Published online Oct 7, 2014. doi: 10.3748/wjg.v20.i37.13325
Revised: June 4, 2014
Accepted: June 26, 2014
Published online: October 7, 2014
Processing time: 343 Days and 16.2 Hours
Pancreatic cancer (PC) is one of the most aggressive and lethal neoplastic diseases. A valid alternative to the usual invasive diagnostic tools would certainly be the determination of biomarkers in peripheral fluids to provide less invasive tools for early diagnosis. Nowadays, biomarkers are generally investigated mainly in peripheral blood and tissues through high-throughput omics techniques comparing control vs pathological samples. The results can be evaluated by two main strategies: (1) classical methods in which the identification of significant biomarkers is accomplished by monovariate statistical tests where each biomarker is considered as independent from the others; and (2) multivariate methods, taking into consideration the correlations existing among the biomarkers themselves. This last approach is very powerful since it allows the identification of pools of biomarkers with diagnostic and prognostic performances which are superior to single markers in terms of sensitivity, specificity and robustness. Multivariate techniques are usually applied with variable selection procedures to provide a restricted set of biomarkers with the best predictive ability; however, standard selection methods are usually aimed at the identification of the smallest set of variables with the best predictive ability and exhaustivity is usually neglected. The exhaustive search for biomarkers is instead an important alternative to standard variable selection since it can provide information about the etiology of the pathology by producing a comprehensive set of markers. In this review, the most recent applications of the omics techniques (proteomics, genomics and metabolomics) to the identification of exploratory biomarkers for PC will be presented with particular regard to the statistical methods adopted for their identification. The basic theory related to classical and multivariate methods for identification of biomarkers is presented and then, the most recent applications in this field are discussed.
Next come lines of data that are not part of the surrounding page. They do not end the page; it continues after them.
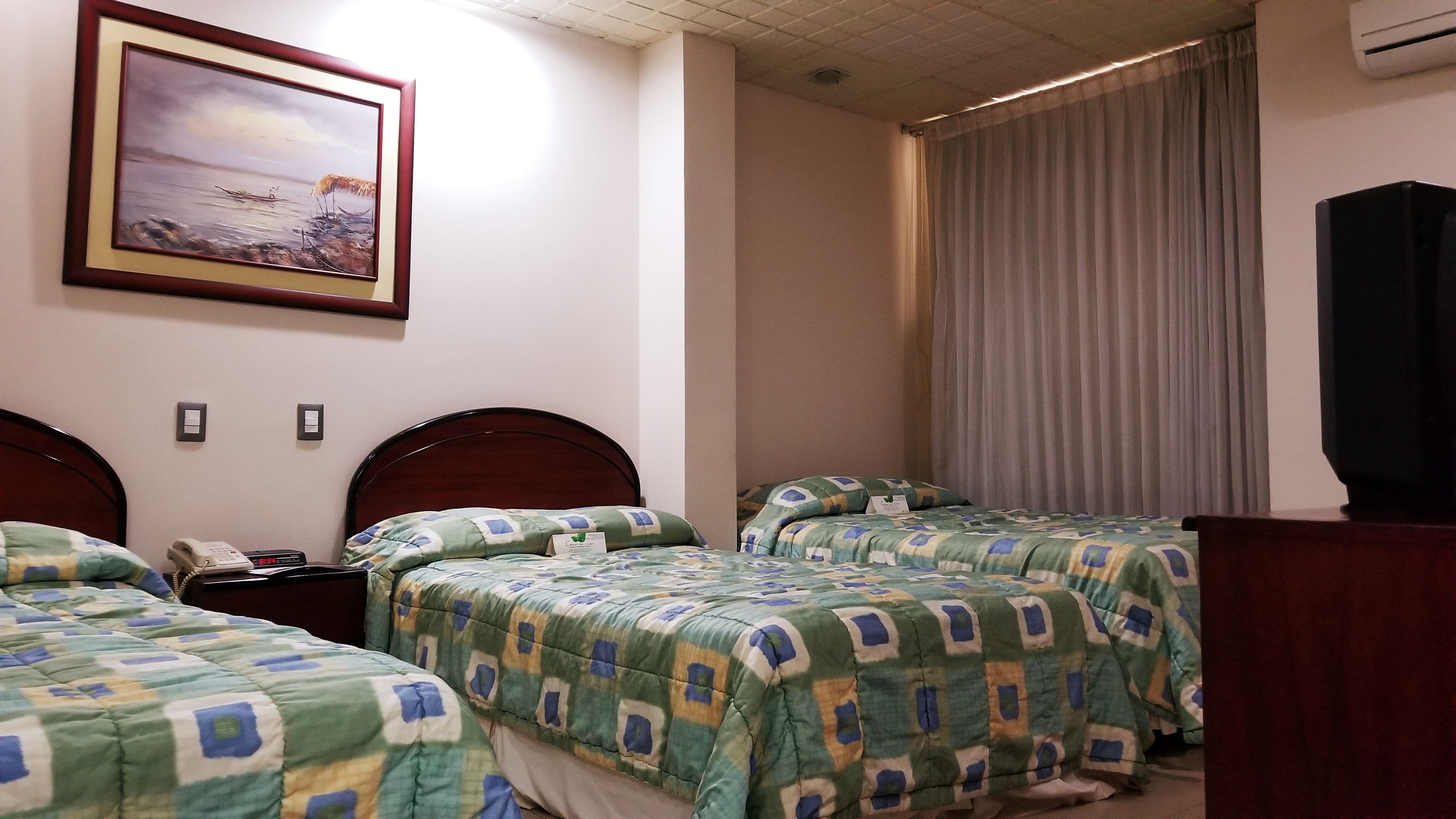 Hotel Ramada by null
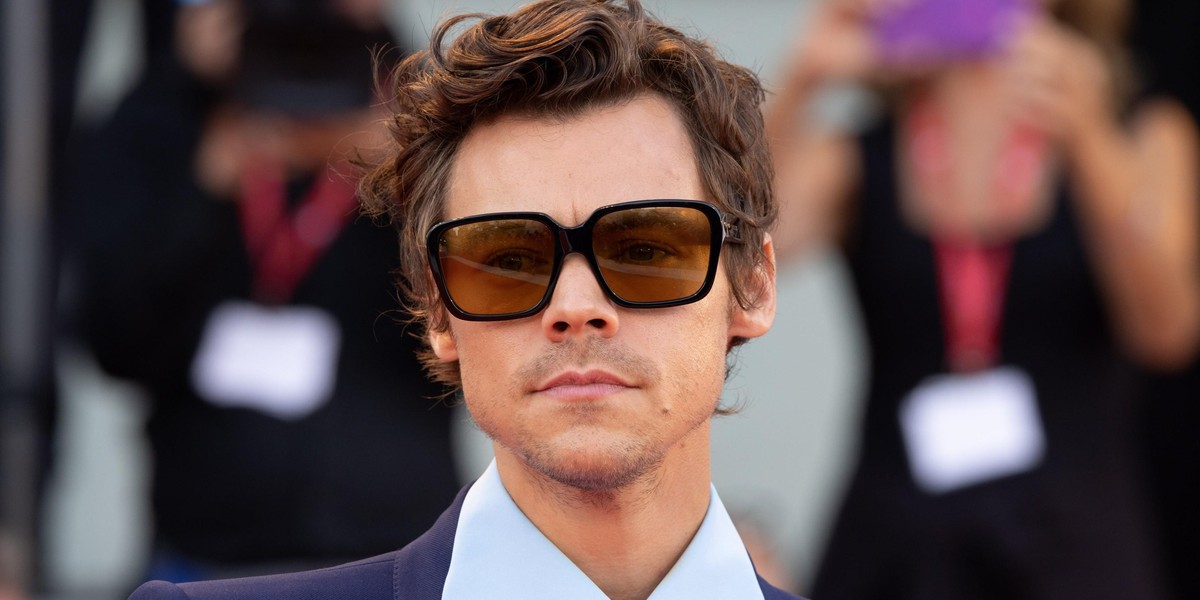 Harry Styles nosi srajco, ki jo dekleta najraje kradejo svojim fantom
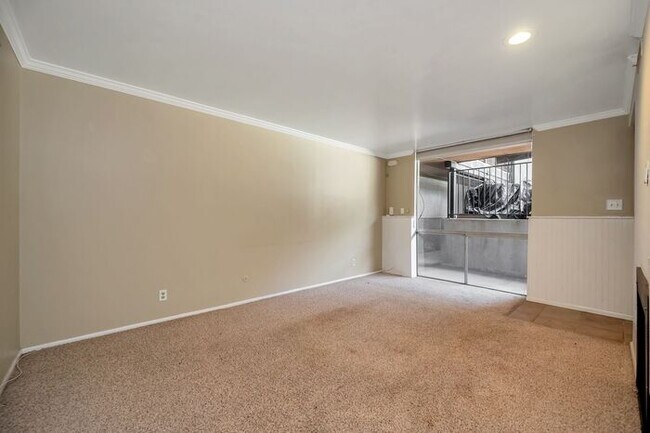 Building Photo - Beautiful Capital Gardens 2 bedroom Condo ...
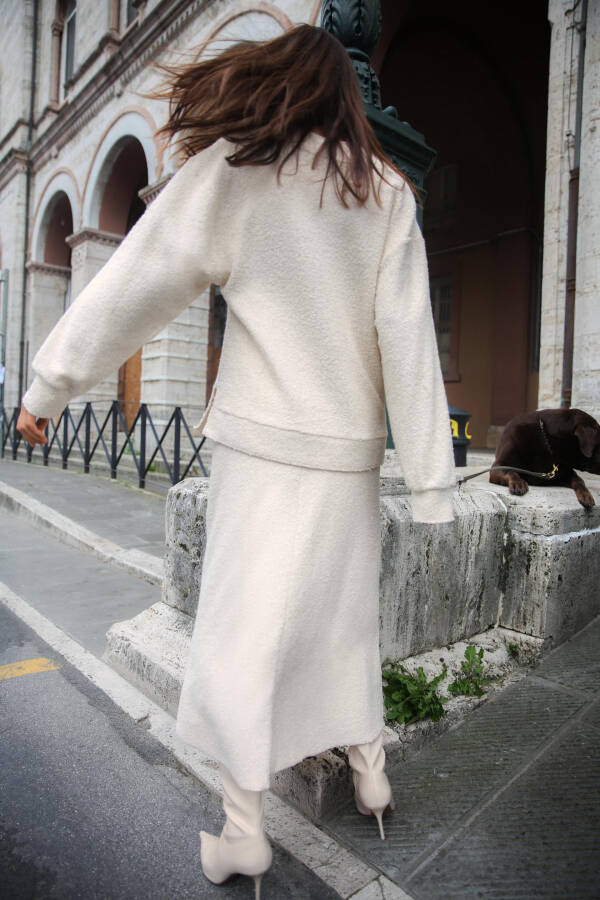 Long-Sleeved Cable Knit Sweater - Ecru - 3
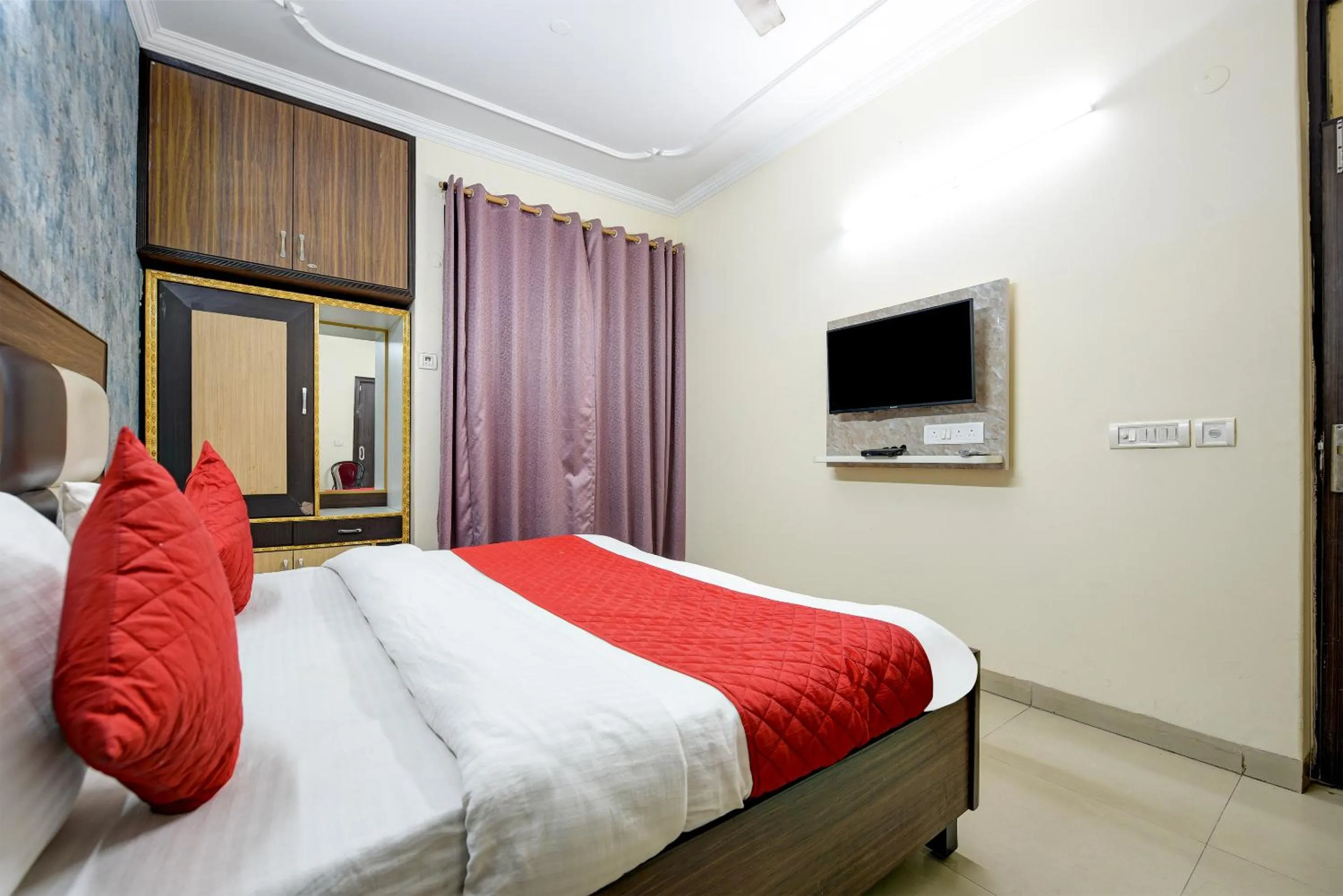 Communal lounge/ TV room, Bed in Hotel Mayank Plaza-Near IGI Airport Terminal-3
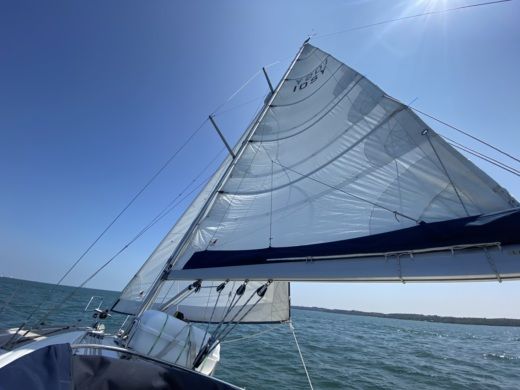 Саутгемптон Sailboat Bavaria Cruiser 32 alt tag text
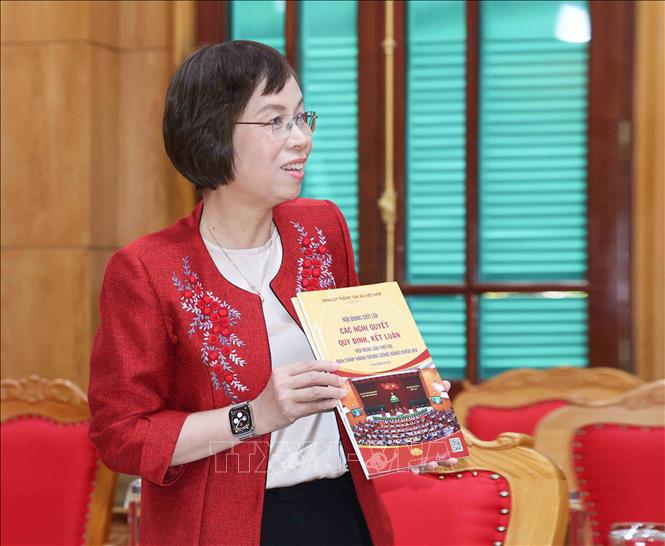 Đồng chí Vũ Việt Trang, Ủy viên Ban Thường vụ Đảng ủy các cơ quan Đảng Trung ương, Bí thư Đảng uỷ, Tổng Giám đốc Thông tấn xã Việt Nam phát biểu tại hội nghị. Ảnh: Phương Hoa - TTXVN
Core tip: Biomarkers are statistically identified as significant by: (1) classical statistical tests where each biomarker is independent from the others; and (2) multivariate methods that take into consideration the correlation among the biomarkers. This last approach provides pools of biomarkers with superior diagnostic and prognostic performances. Multivariate techniques are often applied with variable selection procedures to provide the smallest set of biomarkers with the best predictive ability. The exhaustive identification is instead a valid alternative since it can provide comprehensive information about the etiology of the pathology. The most recent applications of the omics approaches to the identification of biomarkers for PC are presented, with particular regard to the statistical methods adopted.